Photo Credit: John E. Sokolowski-USA TODAY Sports
Let’s get straight to the nut of this one. I probably wouldn’t be writing a full post about the Jays’ just-reported decision to sign infielder Gregorio Petit to a minor league deal with an invite to Spring Training if for one thing: the fact that Ryan Goins is out of options.
Petit will provide the club with a layer of insurance that can be comfortably stashed in Buffalo and won’t force them to do anything drastic like call up Richard Urena should they find themselves in need of an infielder at some point. The former A’s, Rangers, Clevelands, Padres, Astros, Yankees, and Angels man is not good, obviously, and doesn’t even get good grades for his glove work per UZR (though DRS seems to like him better), but he’s someone who can come in and help the club in a pinch and not entirely kill them. (He played 89 times and came to the plate 223 times for the Angels last year, which is hilarious save for the fact fact that said organization continues to surround the once-in-a-generation talent they were gifted with pure trash).

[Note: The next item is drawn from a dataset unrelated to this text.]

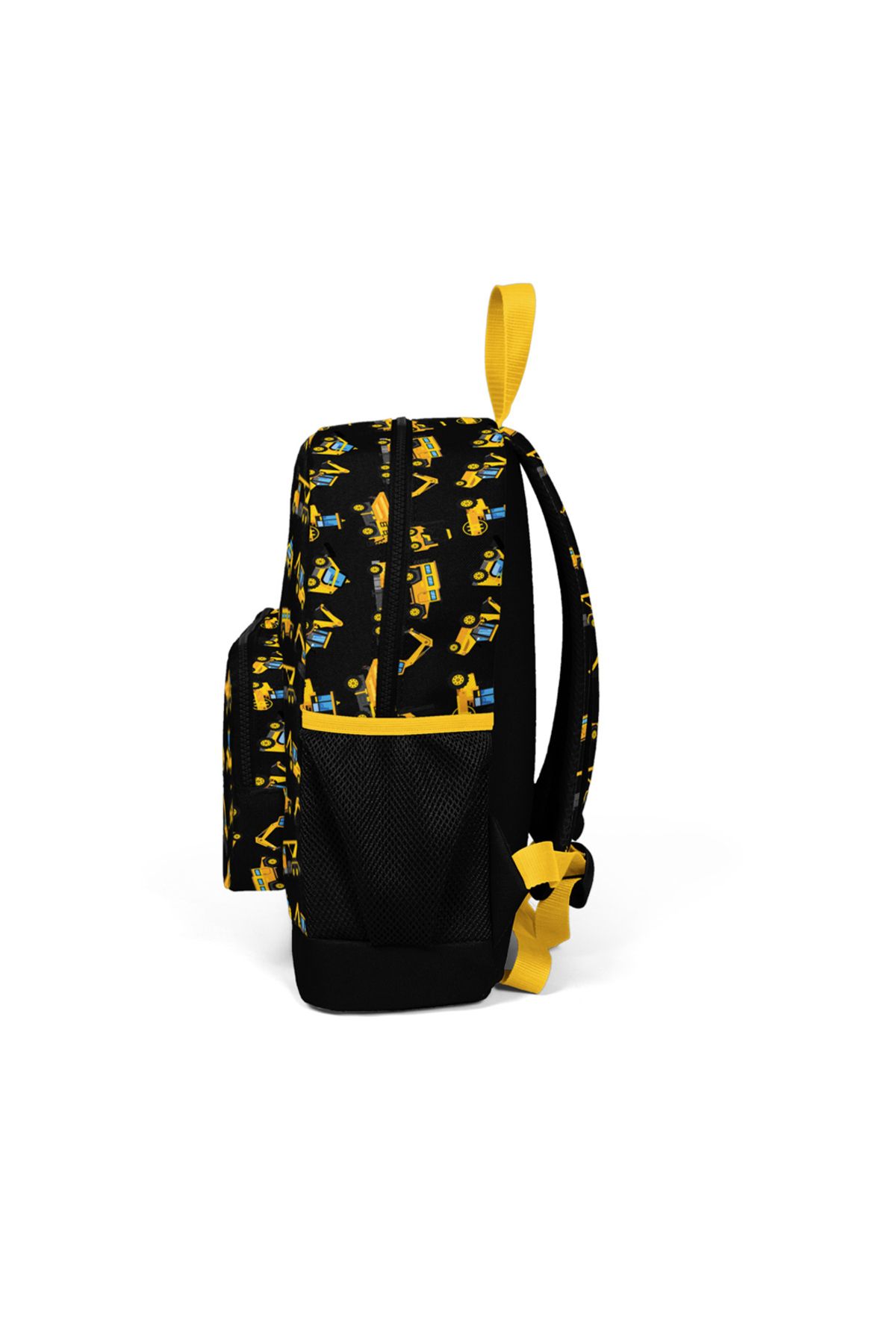 Yaygan-Coral High Black Yellow Patterned Four Compartment School Backpack 23475 2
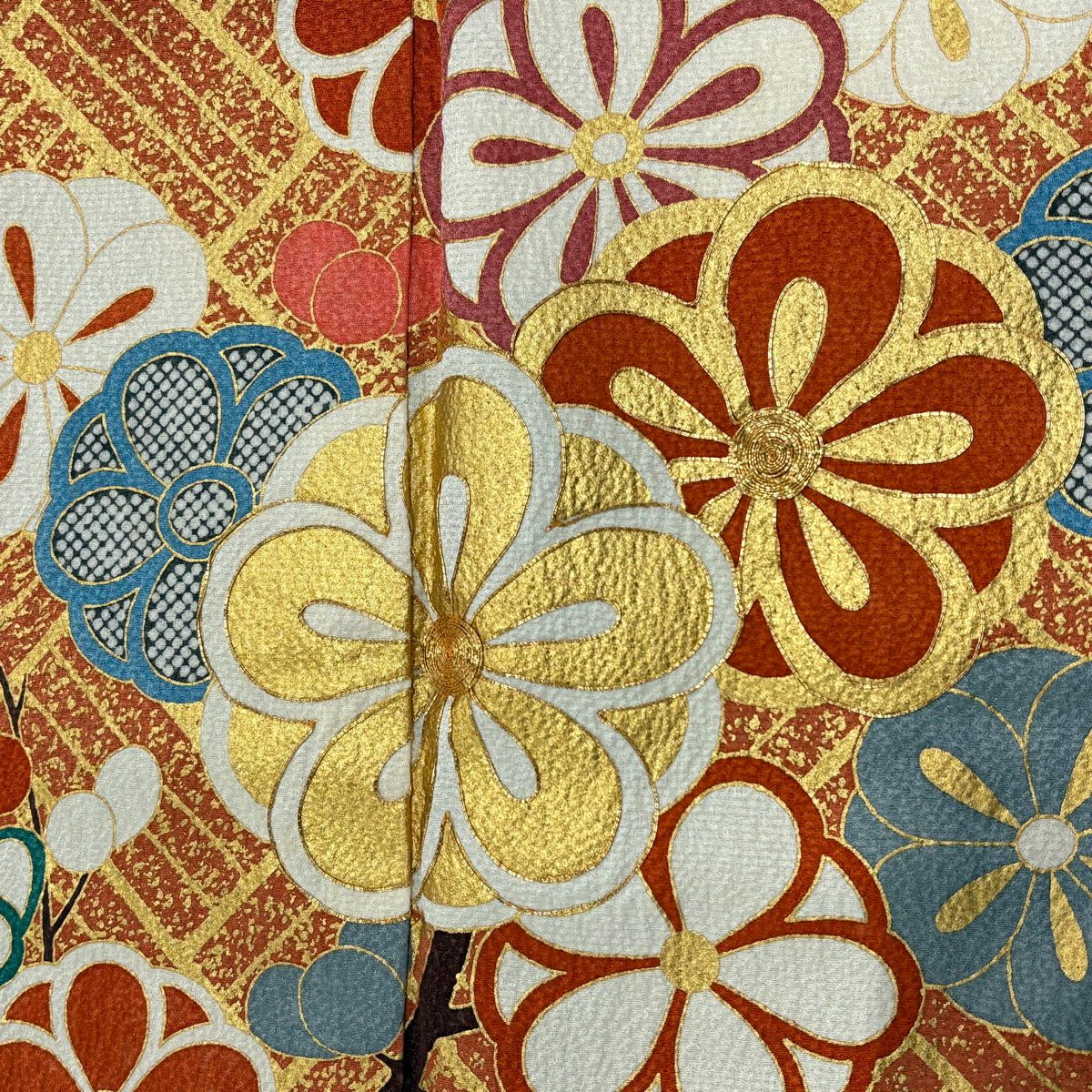 【美品】振袖禮服 身長164.5cm 袖長65.5cm M 雙層 枝梅花 金絲 金銀彩 鮭粉色 純蠶絲 秀品級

Worrying about how Petit might do for the Blue Jays isn’t really worth our time, because he’s not going to play here much, and if he is, something has gone badly wrong and the team is probably fucked anyway. What makes him interesting, as I said off the top, is that this move hints at the very real potential of the club losing Ryan Goins on waivers. And since fans like Goins and know him well (and, if they’ve ever listened to the games on radio, have heard a pretty fanciful account of his value from a certain legendary broadcaster), this notion is perhaps a surprise to some.
This isn’t the only reason the Jays will have brought Petit in. Surely they would have wanted an extra infielder for Buffalo regardless. But we only need to look at roster numbers to see that Goins has a little bit of a problem. If everybody is healthy on Opening Day — a big if, obviously — right now things look like this:
Five starting pitchers and seven relief pitchers makes 12. Russell Martin and his backup will bring the total to 14. At 1B/DH they have Kendrys Morales, Justin Smoak, and Steve Pearce — so 17. Infield starters are Devon Travis, Tulo, and Josh Donaldson, which brings us to 20. And in the outfield there’s Bautista, Pillar, and ultimately two others (right now Melvin Upton and Ezequiel Carrera). That brings the total to 24, and they will then need to carry someone who can backup at shortstop: one of either Goins or Darwin Barney.
I suppose they could carry one fewer outfielder, if they consider Steve Pearce to be more of that category than of the 1B/DH situation, but that would seem to mean, a) far too many plate appearances for Justin Smoak, and b) too much reliance on Pearce to remain healthy, which he’s rarely been able to do.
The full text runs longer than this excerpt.